あの許永中が憧れた武闘派ヤクザ「殺しの柳川」を知っているか

在日として生き、日韓の間に立った男
竹中 明洋 プロフィール

堅気となってからは、海峡を挟んだ二つの国の橋渡し役たらんとして日韓を行き来することに生涯を費やした。本国との太いパイプを築いた柳川は、韓国の情報機関と深く関わり、80年代の全斗煥(チョン・ドファン)政権時代には政権中枢にまでその影響力が及んだ。

柳川が亡くなってからすでに30年近い。生前の柳川を知る関係者も少なくなっているなか、ようやく辿りついたのが許永中氏だった。

許永中氏は47年生まれだから、柳川とは二回りも年齢が違う。初めて柳川を見たのは、まだ小学6年か中学1年の頃だったという。場所は大阪の西天満にあった大阪報知新聞である。
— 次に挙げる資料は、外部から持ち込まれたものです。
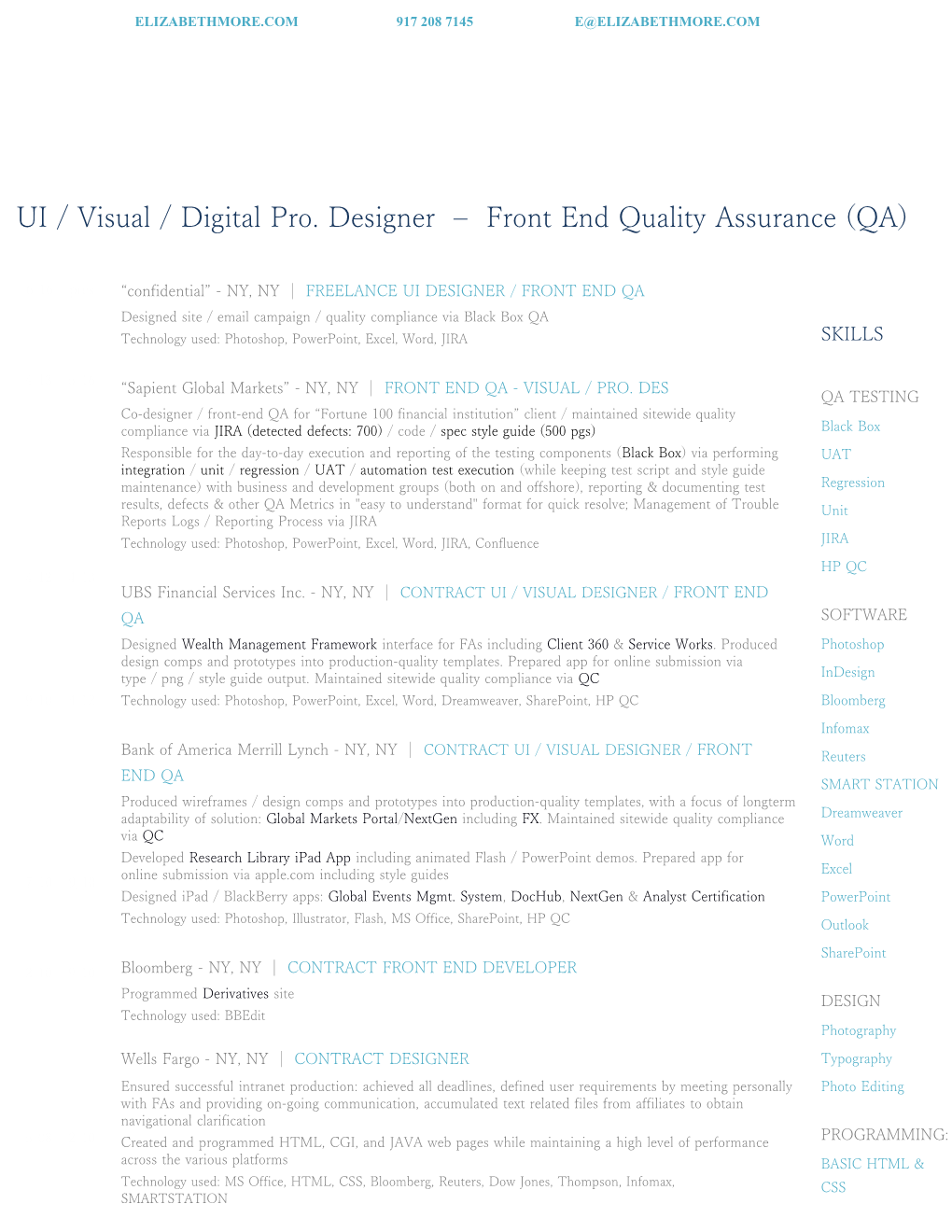 Designed Site / Email Campaign / Qualitycompliance Via Black Box QA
大阪報知新聞は、柳川組の副組長だったこともある加藤武義が社長をしていた新聞社だ。その日は大阪報知新聞が主催する形で、プロレス興行のために大阪を訪れていた力道山を囲んで食事会が開かれ、朝鮮半島出身の力道山をもてなすため大阪の在日が集まった。

「民団(在日本大韓民国民団)の北大阪支部長だった父がこの会に呼ばれていたので、私も紛れ込んだのですが、会場の隅で待っていると、黒シャツの大柄な体格の人が現れたんです。ものすごい恐ろしい目つきで、それだけでグッときそうなほどの迫力ですわ。オーラも半端ない。初めて間近に見た伝説上の人物言うんかな。それが柳川さんやったんです」

 

戦後を生きた「義賊」

許永中氏が生まれ育った中津は、大阪のターミナルである梅田からわずか一駅のところにある。周辺には高層マンションが林立するが、今もエアポケットのように、かつての面影を色濃く残す一角がある。間口が三メートルもない木造の長屋と、人がすれ違うのがやっとという狭い路地、そして昼間でもシャッターが下りたままの店ばかりで暗く静まりかえった商店街。かつてここでは在日が肩を寄せ合うように暮らしていた。 差別に苦しみながら懸命に生きていた彼らは柳川組を特別な思いで見ていたという。

「中津の商店街に、8つ年上の私の姉の同級生だったお兄さんがおったんですが、喧嘩が滅法強くてね。中津の若手のエースでした。背が高くてスラッとして私の憧れやったんです。この人が20歳過ぎの頃かな、柳川組に入れてもらったと聞いて、『すごい』と興奮したもんです。 当時の在日の若者の間では、柳川組はそういう存在。やんちゃしとった者なら誰もがあそこの 若い衆になるのを夢見てました」

許永中氏が柳川を初めて見かけ、在日の少年たちが若い衆になることを夢見た60年頃といえば、柳川組が正式にヤクザとして旗揚げしたばかりである。同胞である柳川らが率いる柳川組が暴力によって大阪の裏社会でのし上がっていく姿に、差別や貧困に喘ぐ在日社会は、あたかも権力に抗して活躍する義賊を見るかのように喝采を送っていた。